Legally I think you'll find repair is the first option, but being Big W, more than likely they'll replace it. Depending on what it is, just insist on your not being able to cope without it.


----------



## Francis Begbie (31 December 2007)

Agree with visual, it's not so much the law they are bound by, but rather consumer satisfaction. So if you make it out that it's a hassle they will almost definitely replace it. I work with Woolworths, so i know what customers can get away with (not that you're doing anything wrong).


----------



## rederob (31 December 2007)

Smurf
If you have the docket for the purchase, then BIG W will replace the faulty item, exchange it if you prefer another product (price refund or you make up the extra).

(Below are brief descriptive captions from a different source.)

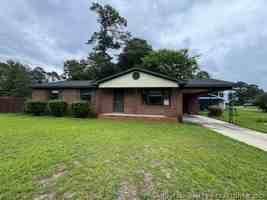 featured image of 6626 Julliard Dr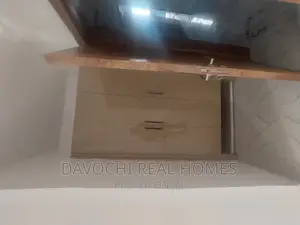 5bdrm Duplex in Ikate-Lekki for rent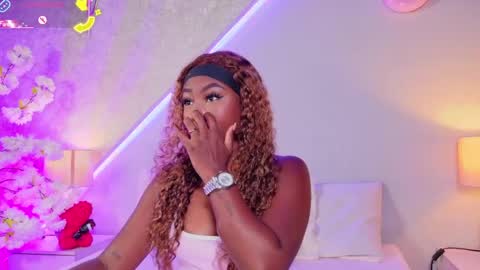 kishalove_ online show from June 2, 10:16 am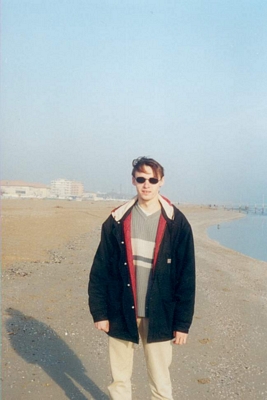 Rimini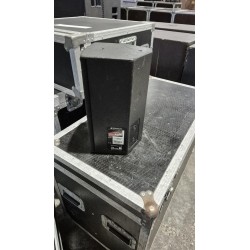 Enceinte d&b Audiotechnik E3 - Occasion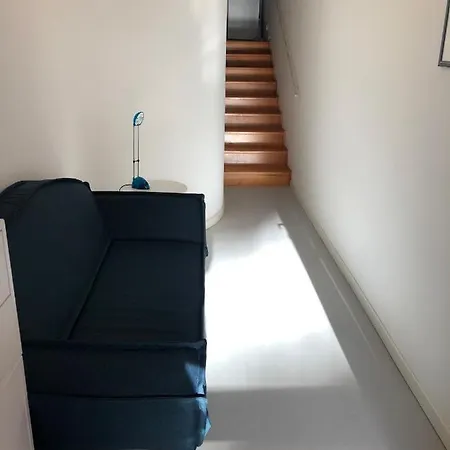 Zipser Ii 아파트 그라도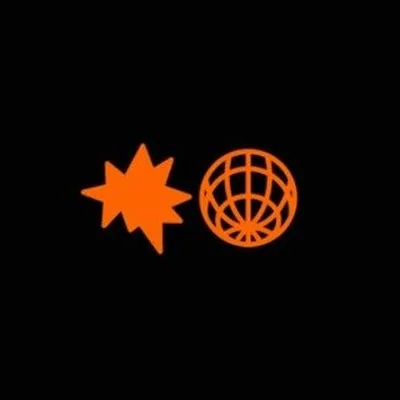 @sparc.worldwide profile image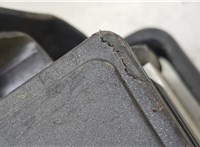  Блок АБС, насос (ABS, ESP, ASR) Honda Accord 10 2017-2023 20579161 #6
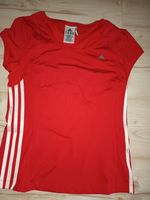 T-Shirt, Sportshirt, Sport, Funktionsshirt Hansestadt Demmin - Demmin Vorschau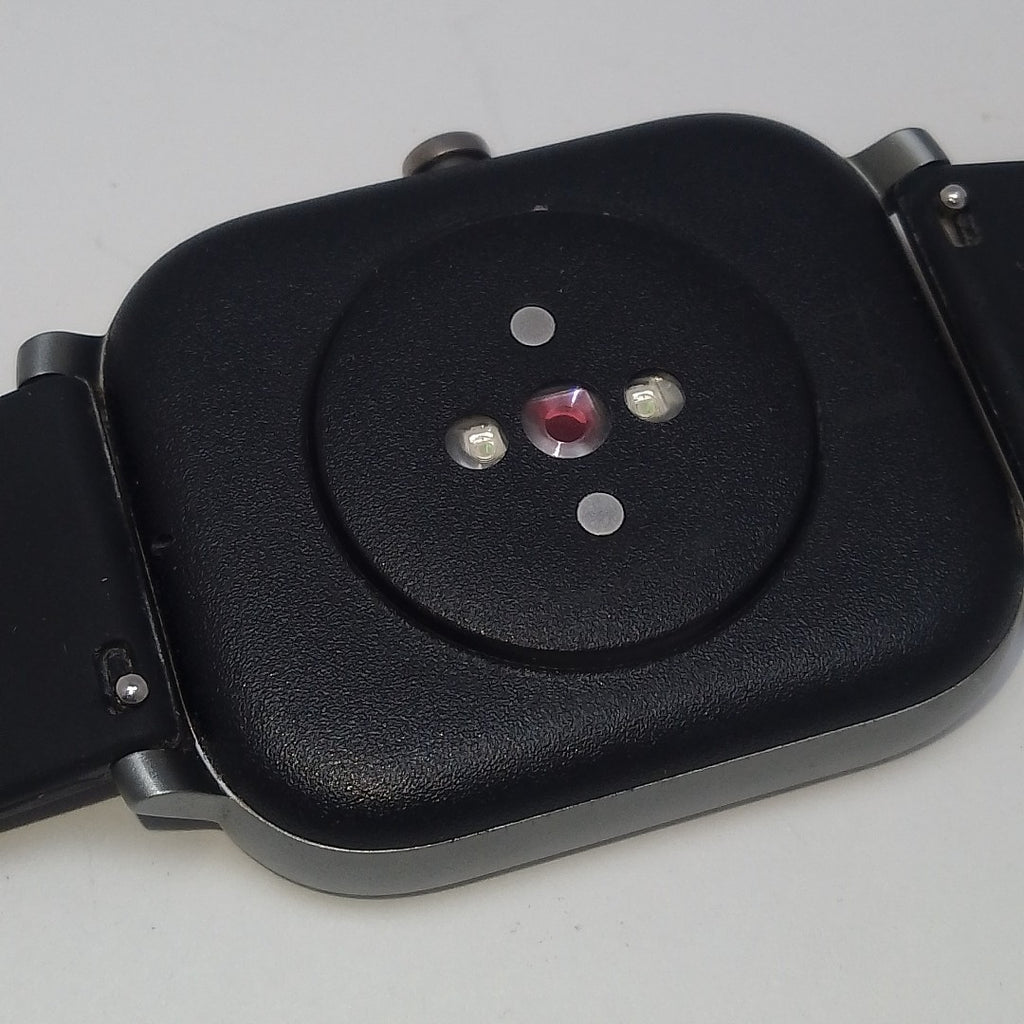SMARTWATCH AMAZFIT GTS (A1914) 42 MM BLUETOOTH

Or, they will give you a full refund.
If they don't, then pm me (I am in a position of influence!).
However, if you do not have the original purchase docket, whistle Dixie.


----------



## visual (31 December 2007)

Actually smurf you actually don't need the docket if the item is faulty, under the law you are entitled to actually get what it is you paid for and it has to satisfy your that it does what it says. So no docket necessary, no refund though just replacement. If you need to clarify this look up consumer affair, they'll have more information


----------



## Doris (31 December 2007)

rederob said:


> Smurf
> If you have the docket for the purchase, then BIG W will replace the faulty item, exchange it if you prefer another product (price refund or you make up the extra). Or, they will give you a full refund.
> If they don't, then pm me (I am in a position of influence!).
> However, if you do not have the original purchase docket, whistle Dixie.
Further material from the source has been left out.